### REQUIRED WORK
Each line of the listing below that includes "image" should be reported.

### DATA EXCERPT
•••••
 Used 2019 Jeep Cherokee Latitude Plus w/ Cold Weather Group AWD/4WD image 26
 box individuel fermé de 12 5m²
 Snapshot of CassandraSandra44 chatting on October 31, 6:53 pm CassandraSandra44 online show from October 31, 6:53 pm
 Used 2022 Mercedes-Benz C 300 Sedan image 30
•••••
### SOLUTION FOR THIS PROBLEM
 Used 2019 Jeep Cherokee Latitude Plus w/ Cold Weather Group AWD/4WD image 26
 Used 2022 Mercedes-Benz C 300 Sedan image 30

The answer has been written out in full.